======== Provided data ========
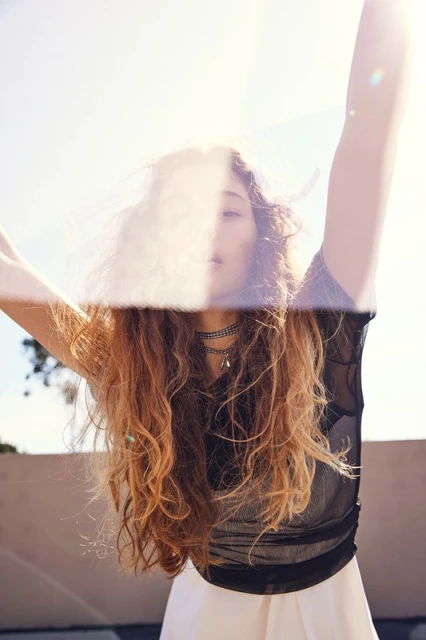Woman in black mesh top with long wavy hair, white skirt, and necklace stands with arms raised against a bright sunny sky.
========
======== Provided data ========
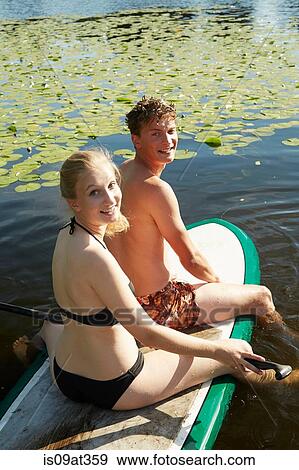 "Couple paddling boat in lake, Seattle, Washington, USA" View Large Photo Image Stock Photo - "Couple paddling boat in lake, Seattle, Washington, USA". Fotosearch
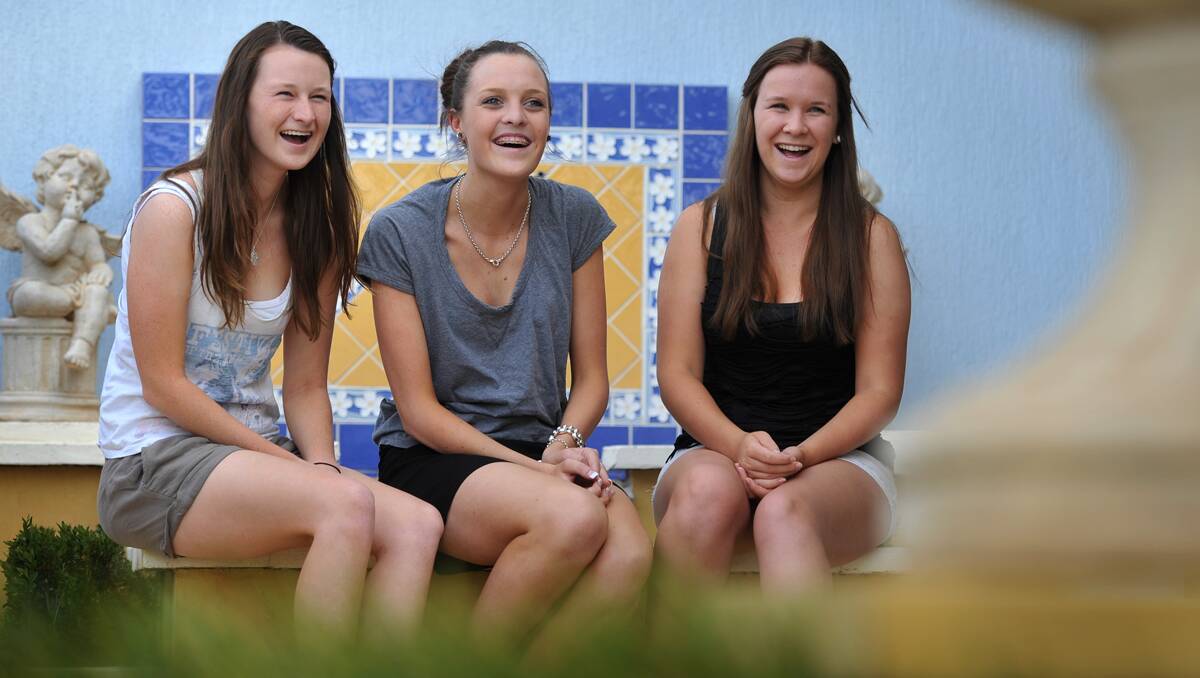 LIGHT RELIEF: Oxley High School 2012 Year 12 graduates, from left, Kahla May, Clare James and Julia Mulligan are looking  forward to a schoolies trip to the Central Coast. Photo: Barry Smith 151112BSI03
========
======== Provided data ========
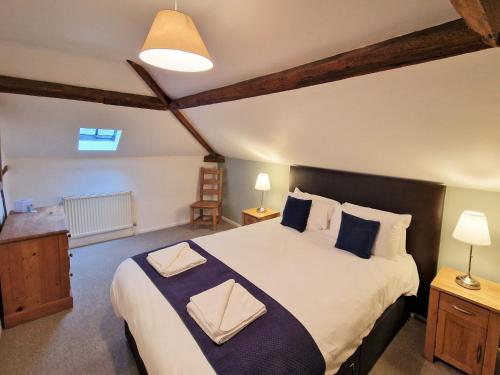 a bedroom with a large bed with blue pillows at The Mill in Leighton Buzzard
========
In the records above, find the line with "View Large Photo". Print exactly from there through the line with "LIGHT RELIEF: Oxley", minus the pictures.

Solution to the problem:
 "Couple paddling boat in lake, Seattle, Washington, USA" View Large Photo Image Stock Photo - "Couple paddling boat in lake, Seattle, Washington, USA". Fotosearch
 LIGHT RELIEF: Oxley High School 2012 Year 12 graduates, from left, Kahla May, Clare James and Julia Mulligan are looking  forward to a schoolies trip to the Central Coast. Photo: Barry Smith 151112BSI03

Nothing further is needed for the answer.